Exercise — Set each record down exactly, excluding all images.
*** Data records Section Begins ***
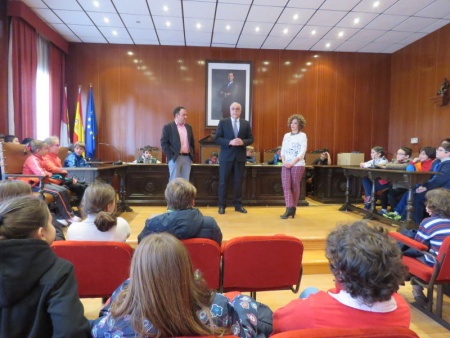 Alumnos del Colegio Altagracia en su visita al ayuntamiento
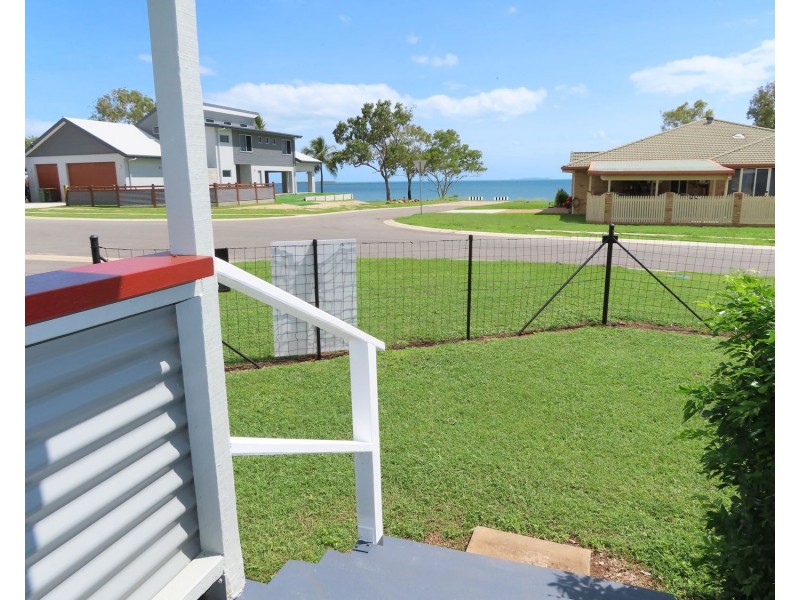 55 Whyte Avenue, Bowen QLD 4805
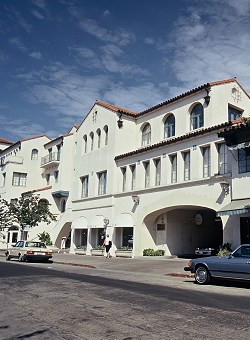 street.jpg (32753 bytes)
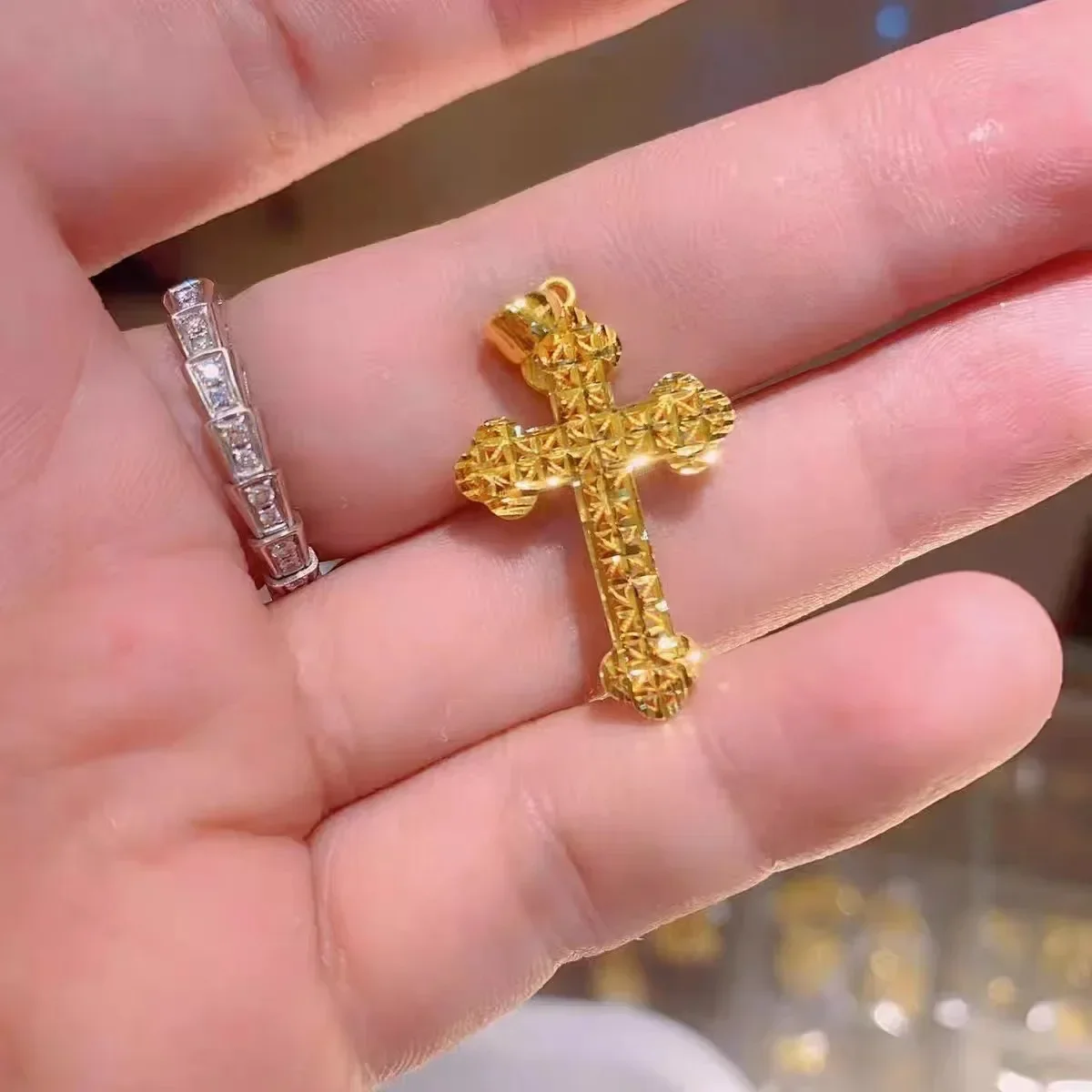 Boutique 24K gold necklace for men and women AU999 cross pendant O-shaped chain jewelry clavicle chain pendant pure gold necklac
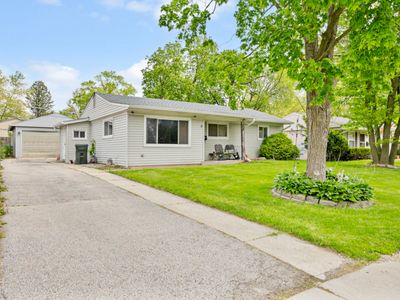 8 Sparrow Rd, Carpentersville, IL, 60110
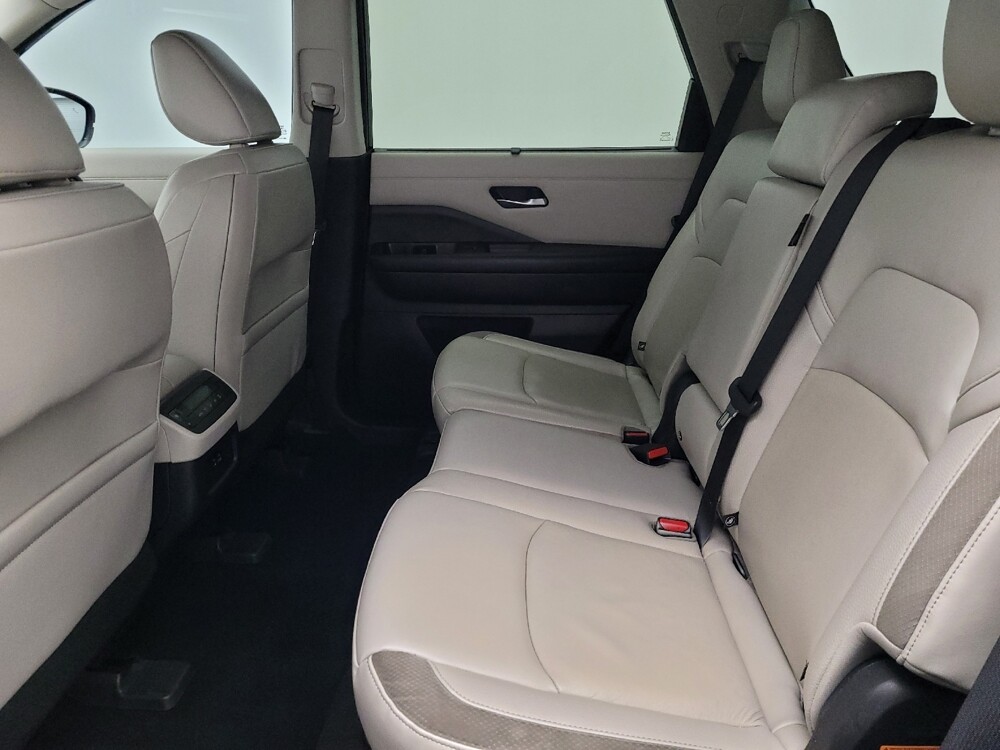 2022 Nissan Pathfinder in Orlando, FL 32808 - 18125711 18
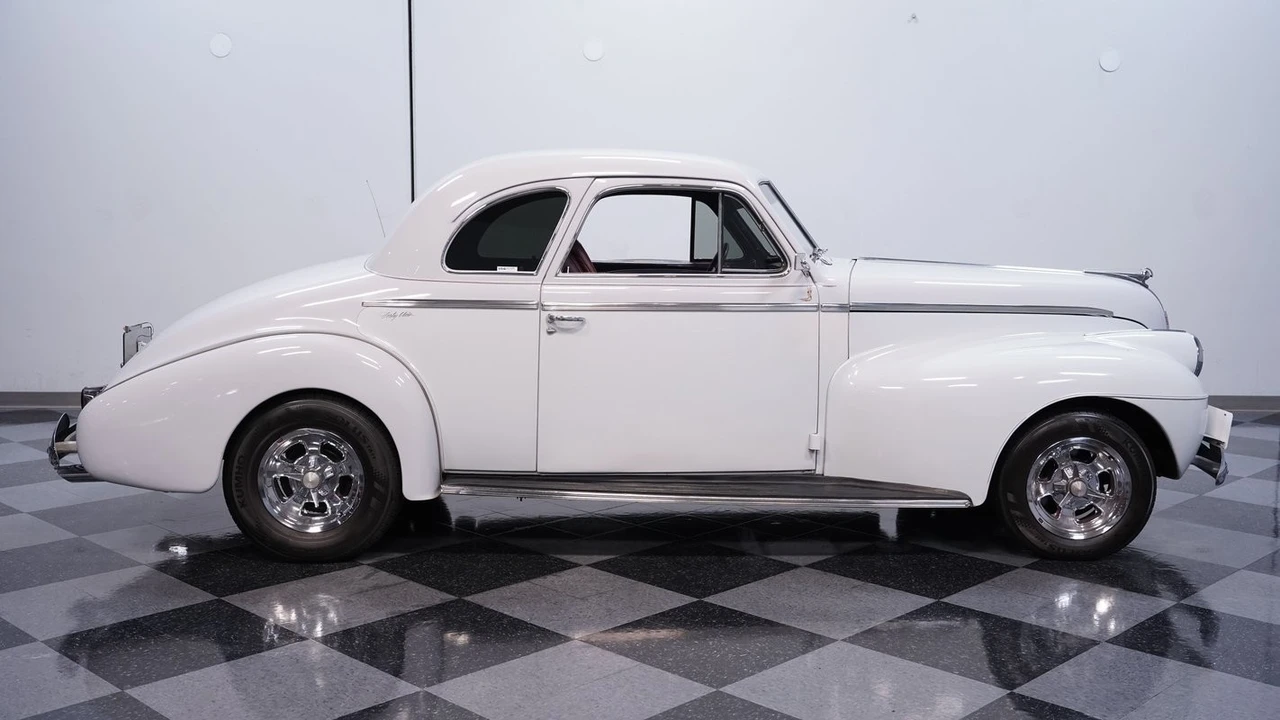 1940 Oldsmobile 98 - Image 11 of 12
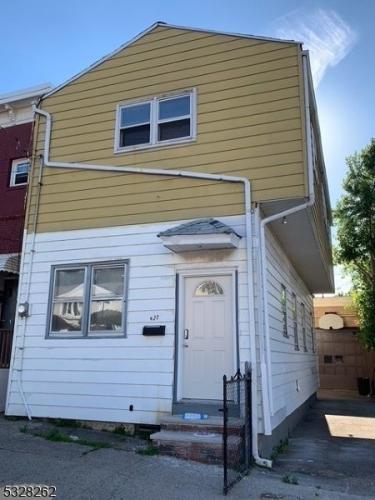 Photo of 122 E 22nd Street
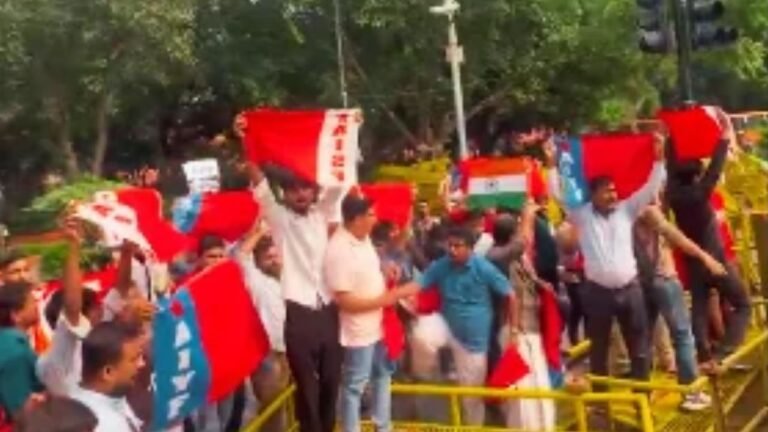दिल्ली में AISF-AIYF के प्रदर्शन पर रोक, ज्ञानेश कुमार के इस्तीफे की मांग तेज दिल्ली में AISF और AIYF के विरोध प्रदर्शन तथा ज्ञानेश कुमार के इस्तीफे की मांग
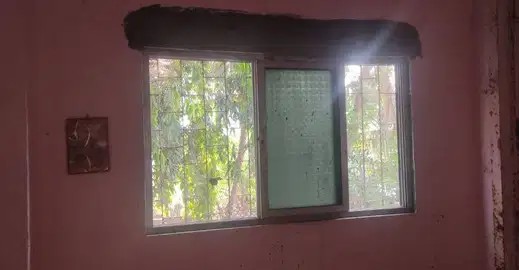 1 Room in Chawl for Immediate Rent at Goregaon East, 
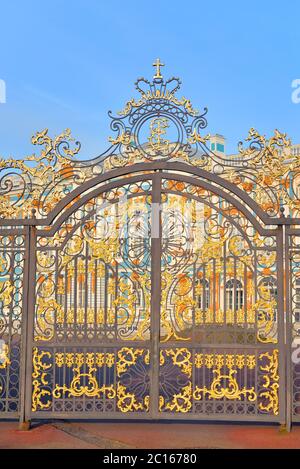 Porte de la clôture du palais Catherine à Tsarskoye Selo. Banque D'Images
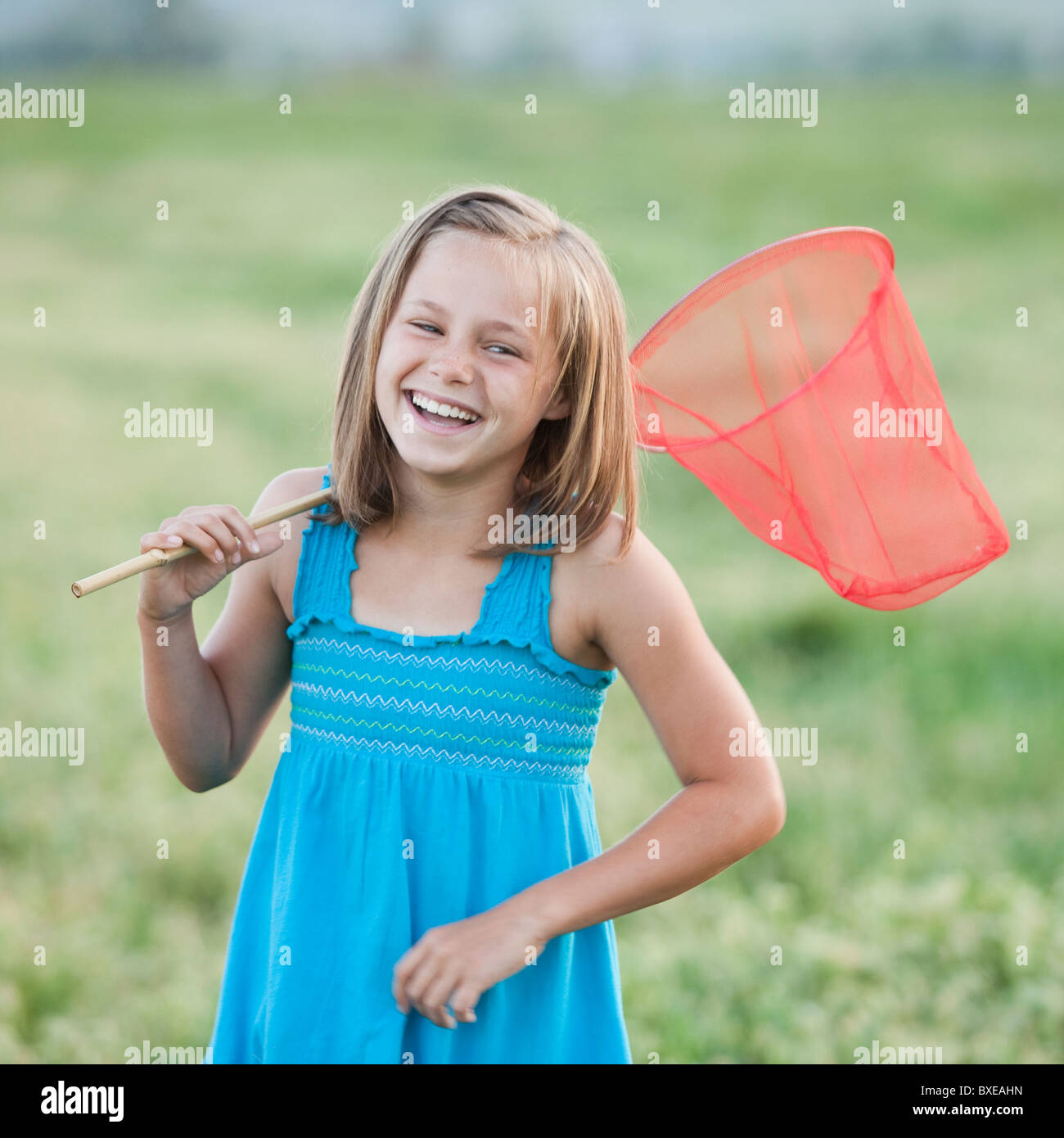 Junges Mädchen mit einem Schmetterlingsnetz Stockfoto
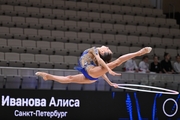 Алиса Иванова во время упражнения с обручем на всероссийском турнире «Кубок "Небесная грация"»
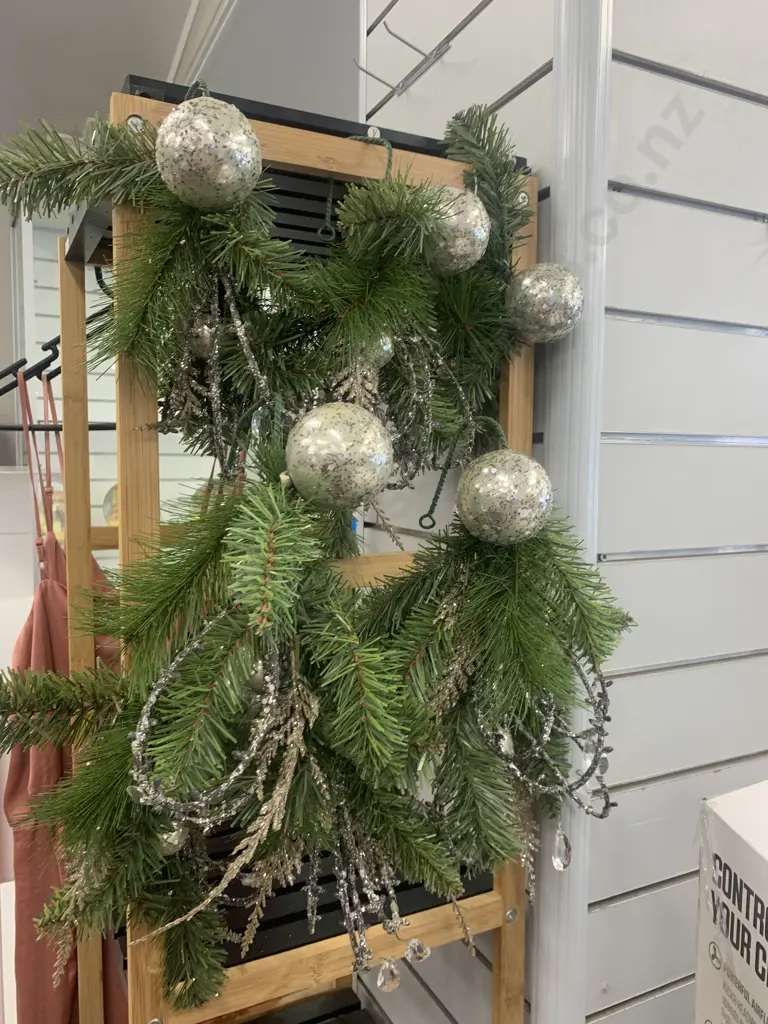 Christmas Branch Decorations x 8 Image 1++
*** Data records Section Ends ***
Exercise output —
 Alumnos del Colegio Altagracia en su visita al ayuntamiento
 55 Whyte Avenue, Bowen QLD 4805
 street.jpg (32753 bytes)
 Boutique 24K gold necklace for men and women AU999 cross pendant O-shaped chain jewelry clavicle chain pendant pure gold necklac
 8 Sparrow Rd, Carpentersville, IL, 60110
 2022 Nissan Pathfinder in Orlando, FL 32808 - 18125711 18
 1940 Oldsmobile 98 - Image 11 of 12
 Photo of 122 E 22nd Street
दिल्ली में AISF-AIYF के प्रदर्शन पर रोक, ज्ञानेश कुमार के इस्तीफे की मांग तेज दिल्ली में AISF और AIYF के विरोध प्रदर्शन तथा ज्ञानेश कुमार के इस्तीफे की मांग
 1 Room in Chawl for Immediate Rent at Goregaon East, 
 Porte de la clôture du palais Catherine à Tsarskoye Selo. Banque D'Images
 Junges Mädchen mit einem Schmetterlingsnetz Stockfoto
 Алиса Иванова во время упражнения с обручем на всероссийском турнире «Кубок "Небесная грация"»
 Christmas Branch Decorations x 8 Image 1++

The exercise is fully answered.